Vous allez me dire : comment diable cette somme a t-elle pu fondre comme des glaces à l’eau Picard dans le compartiment à glaçons du réfrigérateur du cabinet en plein mois de juillet (vécu inside) ? Même si Oracle et miracle riment, de ce dernier, il n’y a point eu. Tout le mérite en revient à notre clause limitative de responsabilité qui avait le mérite d’être là et qui a vaillamment résisté aux assauts de Faurecia. La Cour de cassation vient nous dire que la clause est totalement valable en ce qu’elle ne rend pas le contrat léonin. En effet une clause qui limite par trop la responsabilité est sans doute très belle et satisfaisante sur le papier mais elle peut surtout déséquilibrer le contrat en éliminant toute responsabilité. A ce titre, une clause qui serait totalement exclusive de responsabilité sur le résultat de l’ensemble des obligations d’une partie ou sur une obligation essentielle serait clairement nulle. La cour de Cassation confirme la position des magistrats d’Appel en affirmant que la limite de responsabilité était plus un choix éclairé des parties au contrat, et qu’elle reflétait leur prise de risque respective. Il faut dire qu’il semble qu’il y avait une sorte de partenariat derrière ce contrat, Oracle ayant fait une remise de prêt de 50 % à Faurecia qui devait l’aider à définir les caractéristiques d’un produit destiné aux équipementiers automobiles distribués avec la version 12 d’Oracle Applications.

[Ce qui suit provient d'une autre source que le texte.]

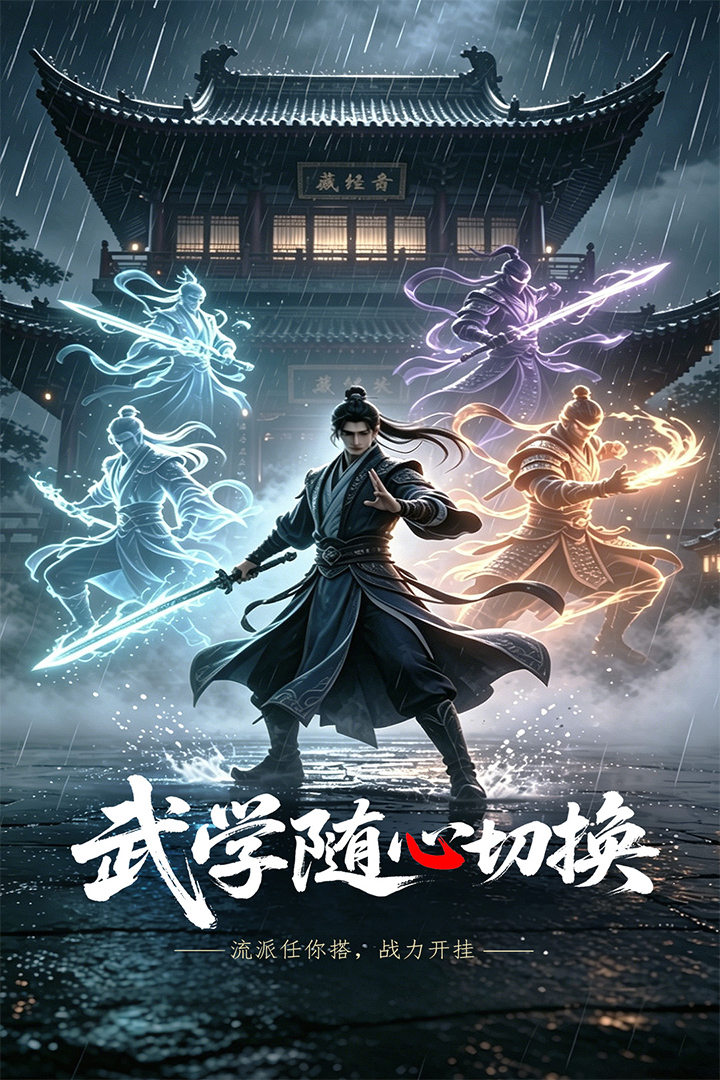 侠者风华录九游版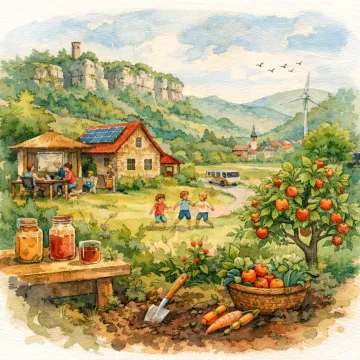 Wohnprojekt Hersbrucker Schweiz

L’autre moyen de faire tomber une telle clause pour le demandeur est de prouver qu’il y a eu une faute lourde à l’origine de l’inexécution.Sur ce point la réponse de la Cour est simple et massive : « Mais attendu que la faute lourde ne peut résulter du seul manquement à une obligation contractuelle, fût-elle essentielle, mais doit se déduire de la gravité du comportement du débiteur ». Il doit donc il y avoir des faits, des agissements d’une certaine gravité … Oui je sais c’est terriblement imprécis. Traduction : le prestataire doit être un demeuré fini et commettre des erreurs professionnelles confinant à la volonté de nuire !

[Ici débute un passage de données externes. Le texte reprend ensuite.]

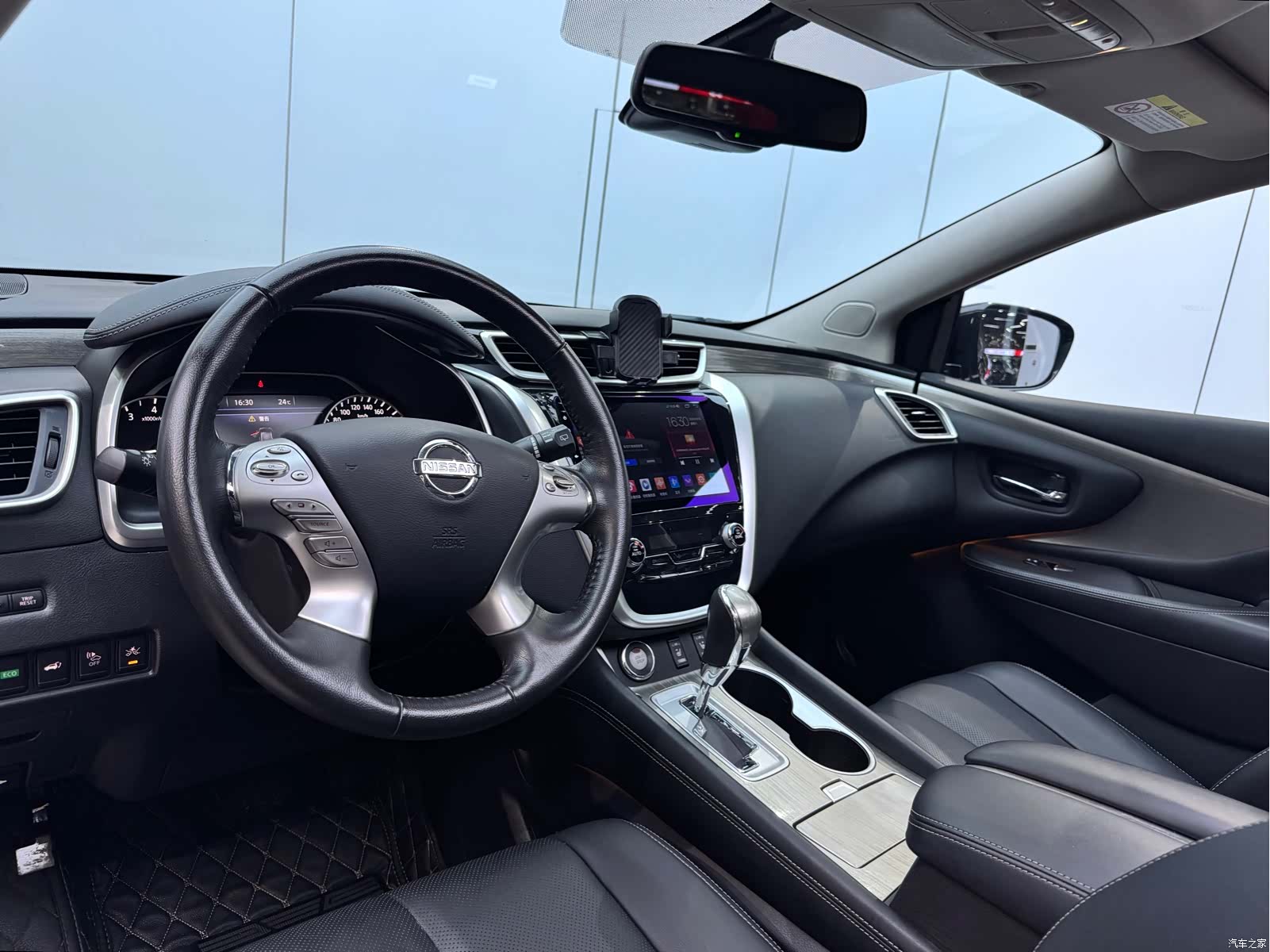 Nissan Murano, 2018 8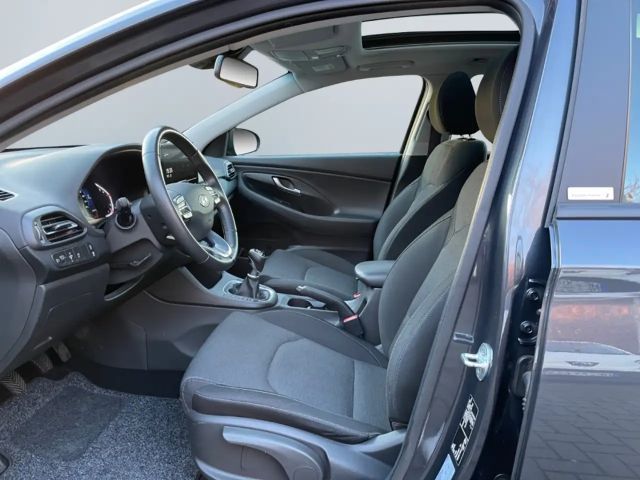 Hyundai i30 1.5 T 48V-Hybr EDITION 30+ *AHK*Pano*Navi*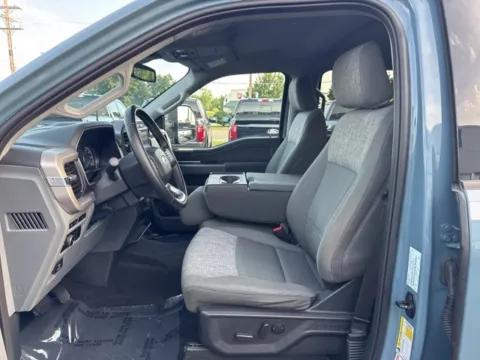 Another view of 2023 Ford F-150 XLT for sale in Lowell, MI at Zeigler Ford of Lowell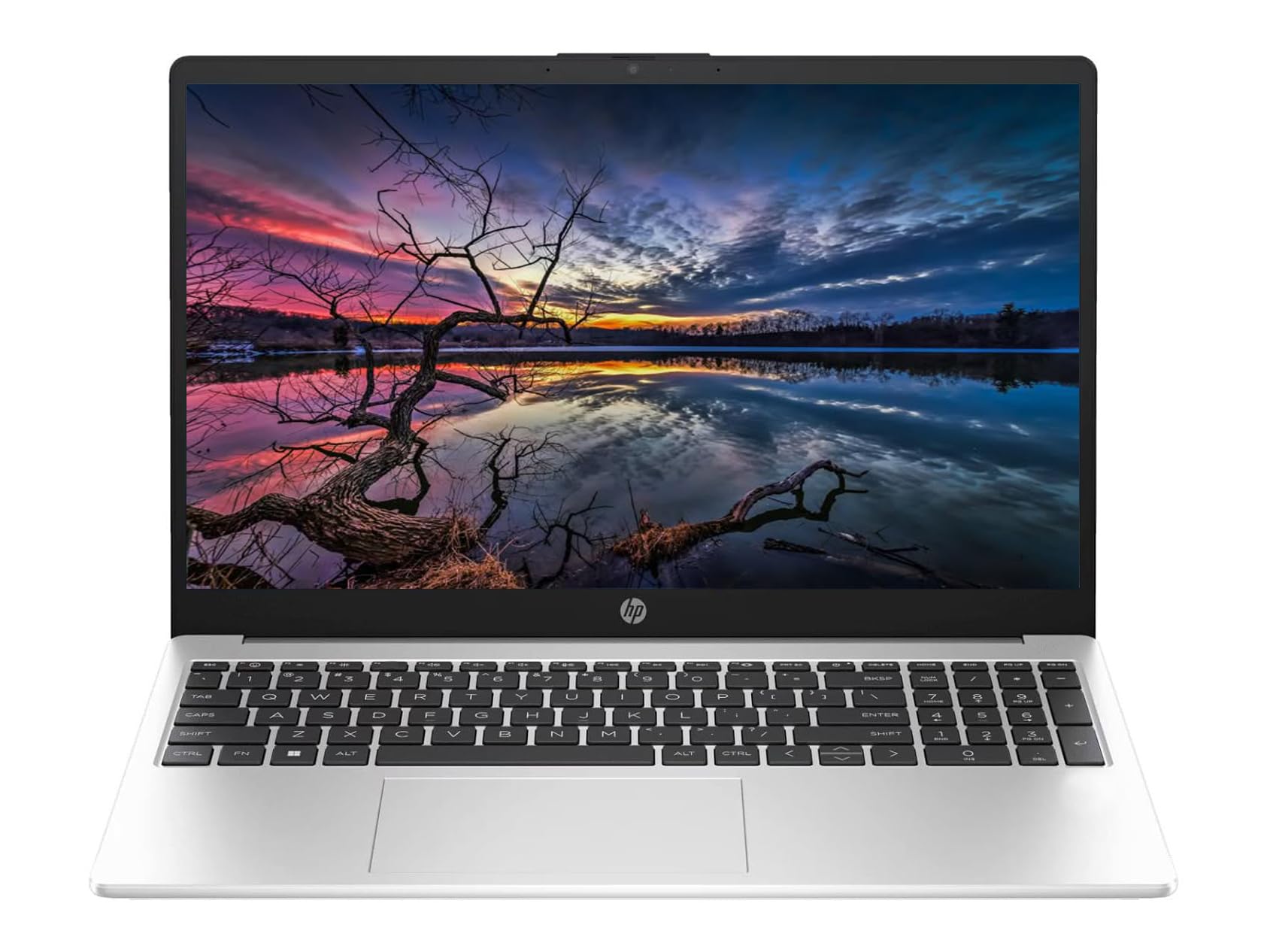 HP 15 (2026), AMD Ryzen 3 Quad Core 7335U - (8 GB DDR5/512 GB SSD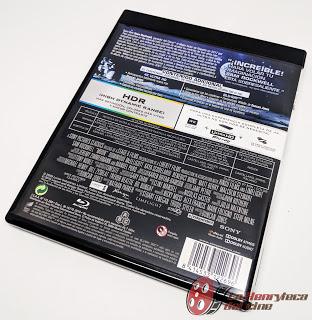 Moon, Análisis de la edición UHD Moon, Análisis de la edición UHD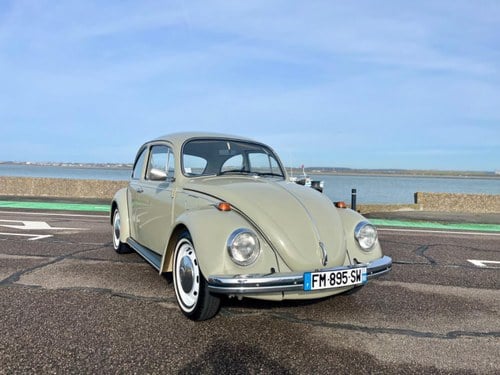 1968 Volkswagen Coccinelle Cabriolet Te koop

On voit dans cette affaire à quel point les magistrats ont évalué le fait que la clause de limite de responsabilité était en cohérence avec l’esprit du contrat et la prise de risque de chaque partie. L’implication de Faurecia dans le processus devant aboutir à la Version 12 du programme semble en fait capital. En effet, c’est justement cette version 12 qui devait être livrée à Faurecia à terme et qui ne l’a jamais été, générant ce contentieux. Les magistrats semblent avoir estimé que la clause reflétait la prise de risque acceptée par Faurecia, de signer un contrat dans l’attente d’une version du logiciel qui était encore en construction, chose qu’elle ne pouvait ignorer étant donné son rôle de consultant à l’élaboration. C’est presque admettre l’existence d’un aléa accepté par Faurecia qui vient renforcer la validité de la clause de limite de responsabilité. Je suis donc d’avis de considérer cet Arrêt avec prudence à la lueur des faits. D’autant que la livraison de la version 12 n’est en fait pas du tout mentionnée au contrat en cause. Difficile de défendre alors qu’il s’agit d’une prestation essentielle même si des éléments de preuve extra-contractuels ont du être apportés. J’en déduis avant tout qu’une telle clause doit être rédigée en tenant compte de l’esprit du contrat.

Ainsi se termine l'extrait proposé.